Citizen petition: Sexual side effects of isotretinoin has now been submitted to FDA. Anyone who wants to add a supporting comment can do so by using this link and selecting the “Comment Now!” button. Note that it may take a while for FDA’s administrators to process your comment and for it to appear on their website.
The petition includes data from FDA and MHRA which was sourced from their online portals. These are publicly accessible and can be found here:
Both systems have their limitations, although FAERS allows more sophisticated filtering and can therefore provide a greater level of detail. Neither of them include data on the number of cases where reactions persisted after the drug was stopped, or where the reaction occurred upon stopping.
There are 27 main reaction categories. In FAERS, these contain the specific reactions, whereas MHRA’s online system has an additional level of sub-categories in between. If you plan to explore these systems, be aware that some of the reactions aren’t necessarily where you would expect to find them.
There is a “reproductive system and breast disorders” category which contains most of the sexual issues. However, premature ejaculation and problems with libido and orgasm are listed under “psychiatric disorders”. Abnormal semen analysis and problems with testosterone can be found under “investigations”.

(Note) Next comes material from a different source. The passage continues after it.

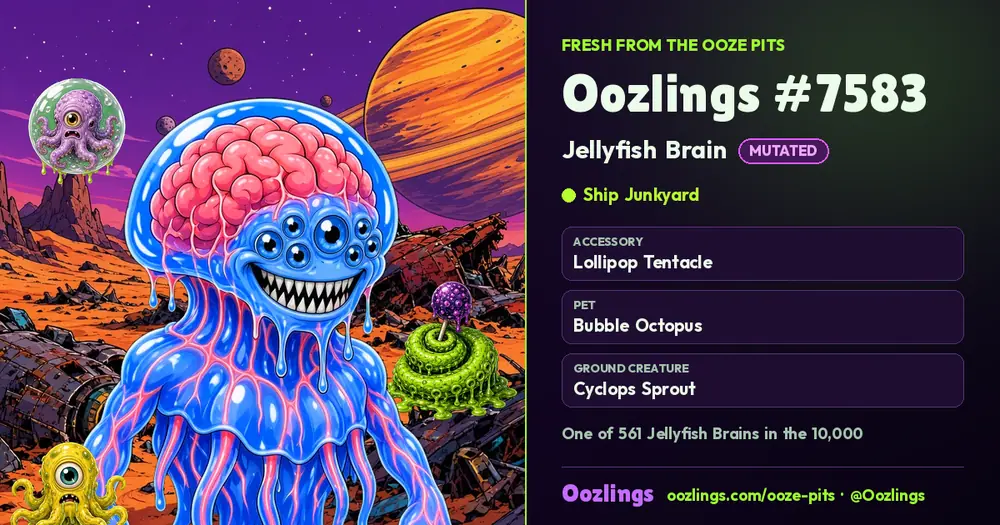 Oozlings #7583, a Mutated Jellyfish Brain in Ship Junkyard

In the SSRI/SNRI petition that we submitted earlier in the year, we cited correspondence from MHRA which detailed the number of SSRI cases where the reaction persisted after withdrawal of the drug. While it might seem a reasonable idea to request the same information for isotretinoin, the issue is slightly more complicated than it first seemed.
MHRA confirmed that up to January 5, 2018, they had received a total of 1475 UK spontaneous suspected ADR reports of sexual dysfunction associated with SSRIs. Of these, 309 indicated that the sexual dysfunction persisted after discontinuation of the drug, and in 963 cases it was unknown whether the reaction continued after the drug was withdrawn.
Since we submitted the SSRI/SNRI petition, we’ve seen further correspondence from MHRA which listed the individual reactions that comprised those figures. The list was very comprehensive and included a full range of sexual and genital issues. The problem is that many of them aren’t part of the enduring sexual syndromes that we are investigating, and more importantly they would be less likely to persist after the drug has been stopped. These included a range of fertility and semen issues, increased libido, retrograde ejaculation, nocturnal emission, priapism, hypersexuality, and others. By including these reactions, it potentially reduces the percentage of persistent cases and obscures visibility of syndromes like PSSD. This issue applies as much to isotretinoin as it does to SSRIs.
At the moment, we have no data on the number of reports to MHRA involving persistent sexual effects linked to isotretinoin. However, this may be something we can look into in due course, if we can find a way to resolve the above issue.
There are also a number of reaction terms which are essentially meaningless without further details. Terms such as orgasm abnormal, penis disorder, male orgasmic disorder, female orgasmic disorder tell us nothing about the specifics of the problem. For example, “orgasm abnormal” could mean difficulty achieving orgasm, or it could mean a qualitative difference in orgasmic sensation. “Penis disorder” is equally vague.
There is probably a wealth of detailed and useful information available in the reports to FDA and MHRA if they actually investigated. Unfortunately, there is little evidence that regulatory agencies do anything more than simply collect the reports.